Morita dan Ibuka dengan serius membangun Sony. Mereka menjadikan Sony sebagai perusahaan modern yang siap untuk mendunia. Morita yang sejak tahun 1959 duduk di kursi Wakil Presiden Eksekutif, kemudian menjadi Ketua CEO di tahun 1976. Pada tahun 1989, Morita duduk sebagai Ketua Dewan Sony Corporation, dan kemudian mundur selangkah demi selangkah dari Sony setelah duduk sebagai Ketua Dewan Kehormatan Sony Corporation.



Sony sangat beruntung mempunyai seorang pendiri seperti Morita dan Ibuka. Kedunya tak hanya piawai dalam hal teknologi tetapi juga dalam pemasaran. Morita dengan kepiawaiannya terbukti berhasil meyakinkan pasar untuk membeli produk-produk Sony.



Maka tak berlebihan John Nathan, penulis buku Sony: The Private Life, menyebutnya sebagai master marketer. Citra kosmopolit Akio Morita banyak berpengaruh dalam menggiring Sony keluar dari Jepang. Ia taipan Jepang sejati yang penuh kesantunan Timur dalam berbisnis, sekaligus pengusaha yang mahir berpikir secara "Barat"-salah satu kunci menguasai pasar internasional.






SONY dan Inovasinya


Penemuan yang paling monumental bagi Sony adalah ketika tahun 1979, pabrik Sony di Jepang menemukan walkman. Ide awalnya memang dari Morita. Ketika itu, Morita berpikir untuk menciptakan sebuah alat untuk memutar kaset yang bisa dibawa kemanapun.

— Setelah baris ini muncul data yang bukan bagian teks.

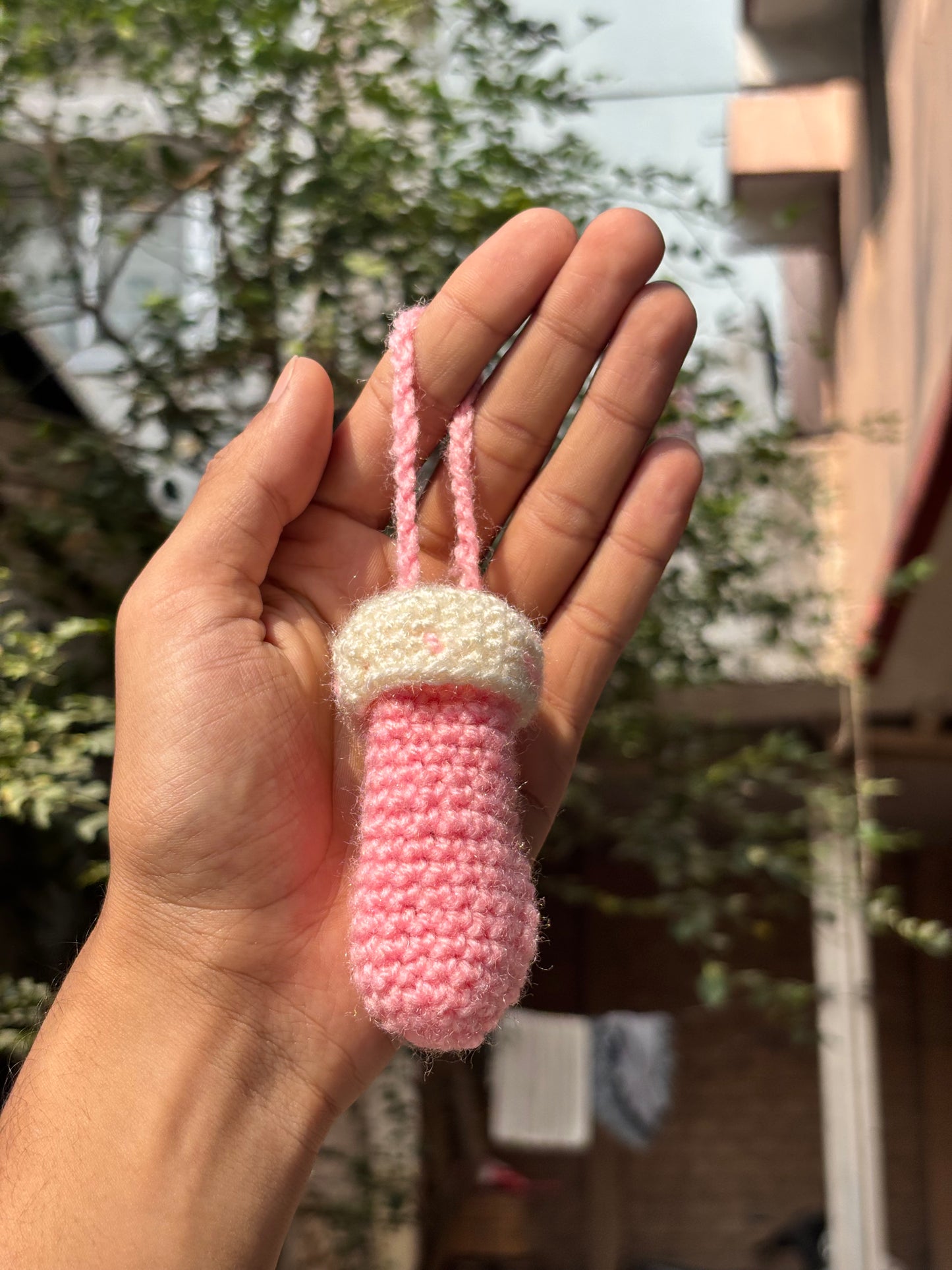 Crochet Lipstick Holder | Mushroom Design Pink Holder with White Top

Sebelumnya orang memang bisa mendengarkan musik melalui headphone yang menghubungkan telinga dengan radio atau alat pemutar kaset yang terpasang di rumah atau di mobil. Namun, dengan walkman ciptaan Morita memungkinkan orang mendengarkan musik sambil berjalan kian kemari atau melakukan aktivitas lain.

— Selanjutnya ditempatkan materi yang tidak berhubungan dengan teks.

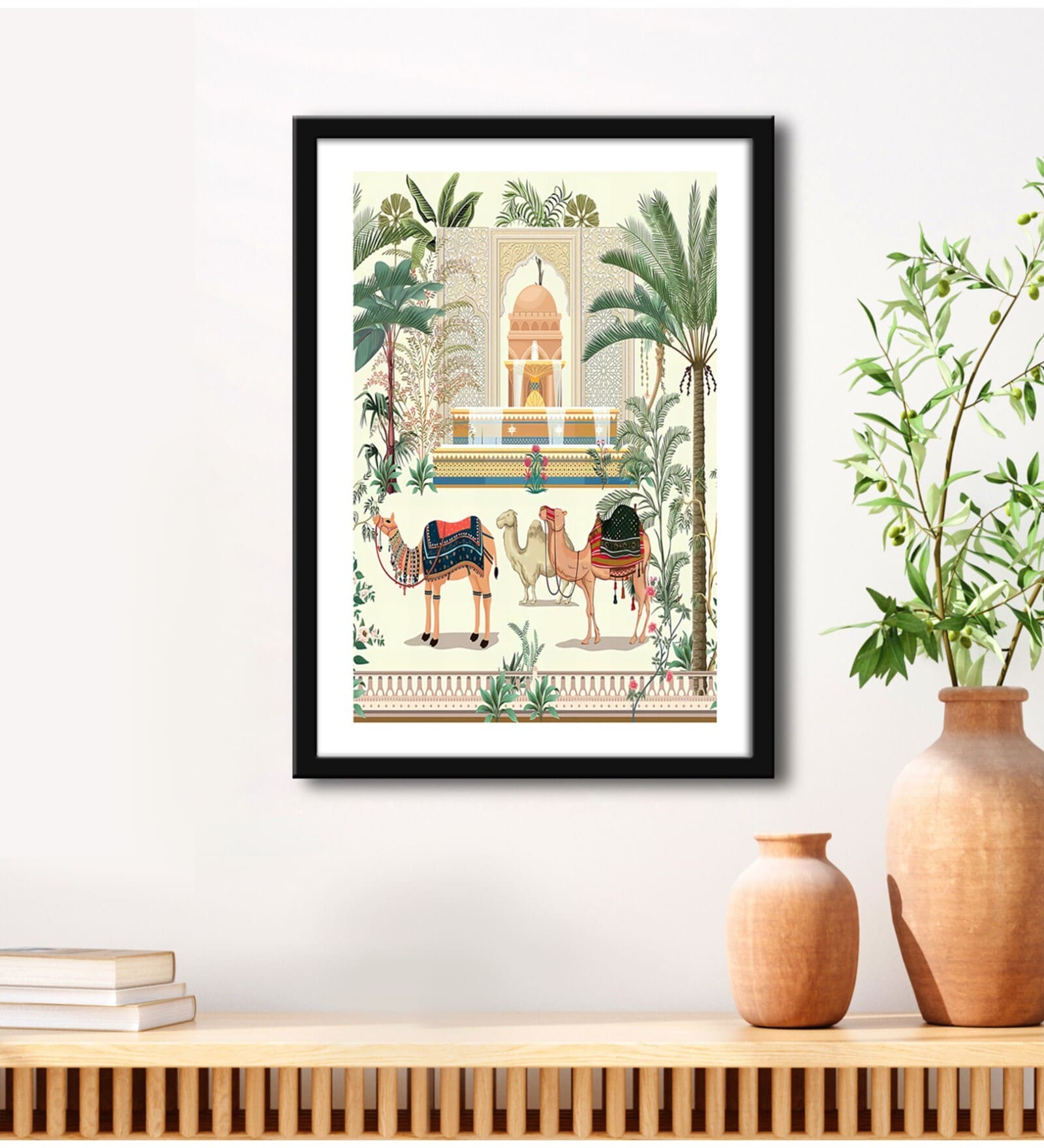 Mughal Camel Green Vinyl Painting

Ide Morita untuk membuat walkman tidak semulus pikirannya. Para staf pemasaran Sony di Jepang merasa ide itu sama sekali tidak realistis, alias jauh api dari panggang. Morita pun menantang para staf pemasaran yang merasa pesismis dengan idenya. Di awal tahun 1980-an, Morita menemui stafnya di Tokyo. Mereka membicarakan walkman penemuan Morita.



Kepada Morita para staf mengungkapkan bahwa mesin penemuan itu tdiak akan laku dipasaran. Penemuan yang kelak dikemudian hari menggegerkan sejarah industri elektronik modern, dianggap tidak akan dapat menjaring pasar karena tidak dilengkapi teknologi perekam.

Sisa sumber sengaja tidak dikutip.